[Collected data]
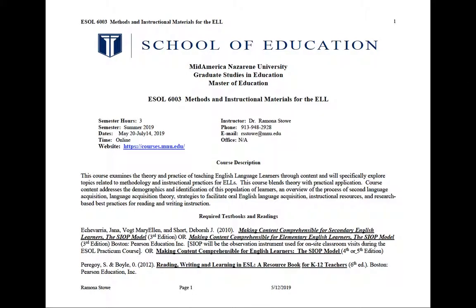Hi, welcome to the syllabus orientation for ESOL 6003 Methods and Instructional Materials for the English Language Learner. I'm Ramona Stowe and I will be your instructor this summer. I'm glad to have all three of you in this course. I do want you to take a few minutes to read over the syllabus in its entirety. I'll just do a quick introduction now and then you can read it at your leisure.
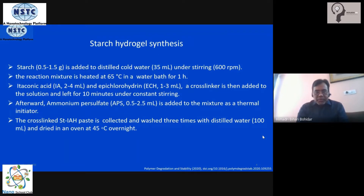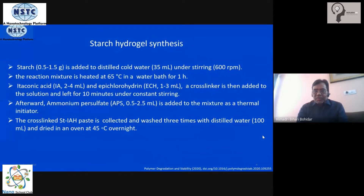Then etaconic acid, 2 to 4 ml, and a crosslinker epichlorohydrin (ECH), about 1 to 3 ml, is added to it. This starts the cross-linking process, and the solution is left for about 10 to 15 minutes under constant stirring.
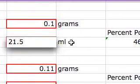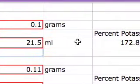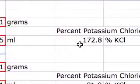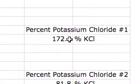Hit Enter, and then to the right you'll see a percent composition for potassium chloride.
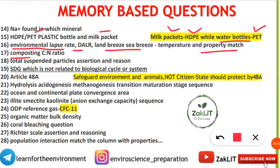A question came from composting — specifically the carbon-to-nitrogen ratio in composting. There was an assertion and reasoning question from total suspended particles (TSP). Sustainable development goals were also covered — this topic was included in the last 20 most important topics. The question asked which SDG is not related to the biological cycle or system, which was a slightly twisted question.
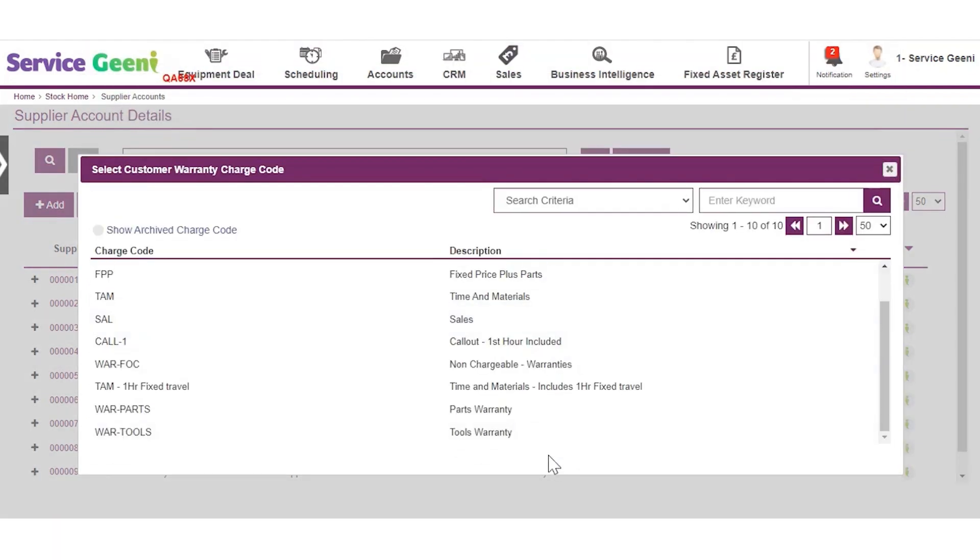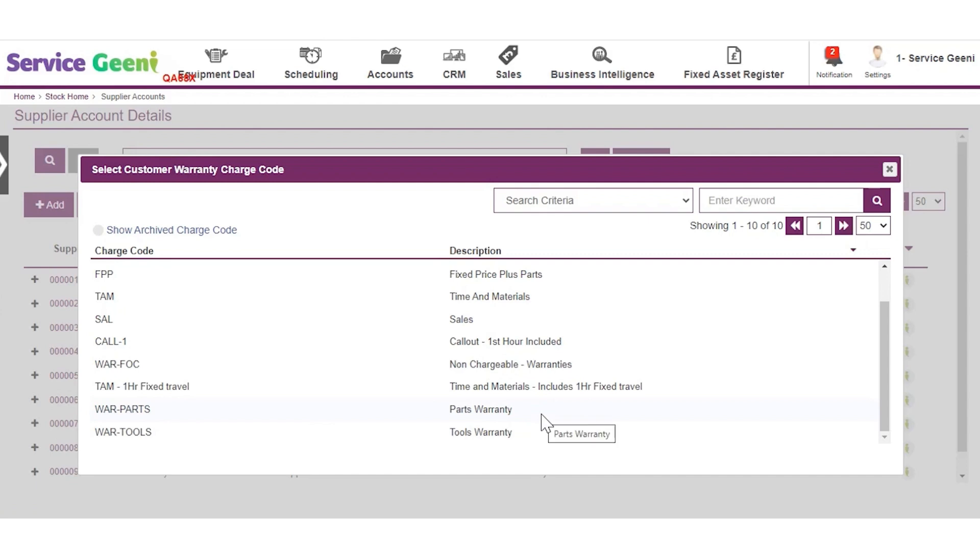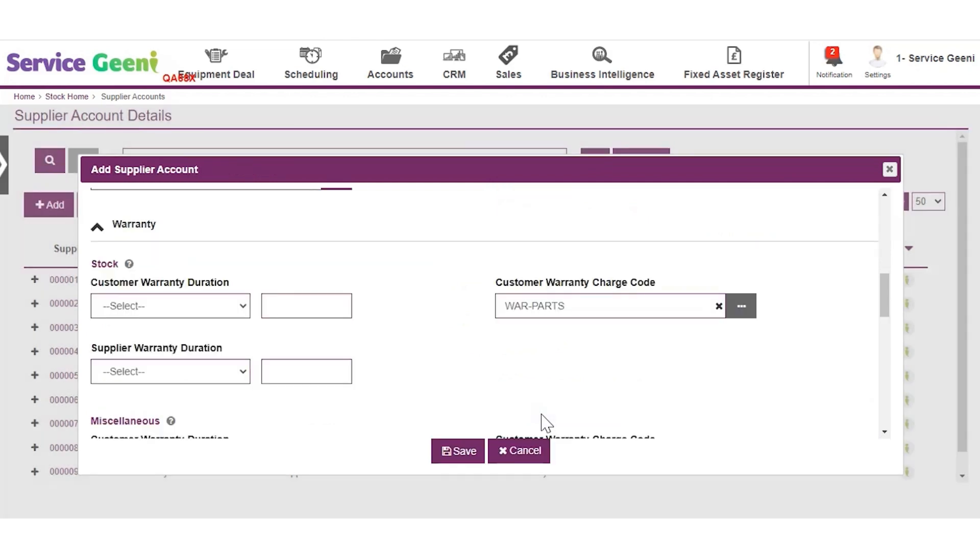You may need to consider setting up specific charge codes for any warranty work you carry out to ensure you have the correct charging in place for your customers. Charge codes are covered in more detail in another video.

*Your task*: Copy the records exactly, leaving out every picture.

*Answer to the exercise*:
Hi, welcome to the syllabus orientation for ESOL 6003 Methods and Instructional Materials for the English Language Learner. I'm Ramona Stowe and I will be your instructor this summer. I'm glad to have all three of you in this course. I do want you to take a few minutes to read over the syllabus in its entirety. I'll just do a quick introduction now and then you can read it at your leisure.
Then etaconic acid, 2 to 4 ml, and a crosslinker epichlorohydrin (ECH), about 1 to 3 ml, is added to it. This starts the cross-linking process, and the solution is left for about 10 to 15 minutes under constant stirring.
Hit Enter, and then to the right you'll see a percent composition for potassium chloride.
A question came from composting — specifically the carbon-to-nitrogen ratio in composting. There was an assertion and reasoning question from total suspended particles (TSP). Sustainable development goals were also covered — this topic was included in the last 20 most important topics. The question asked which SDG is not related to the biological cycle or system, which was a slightly twisted question.
You may need to consider setting up specific charge codes for any warranty work you carry out to ensure you have the correct charging in place for your customers. Charge codes are covered in more detail in another video.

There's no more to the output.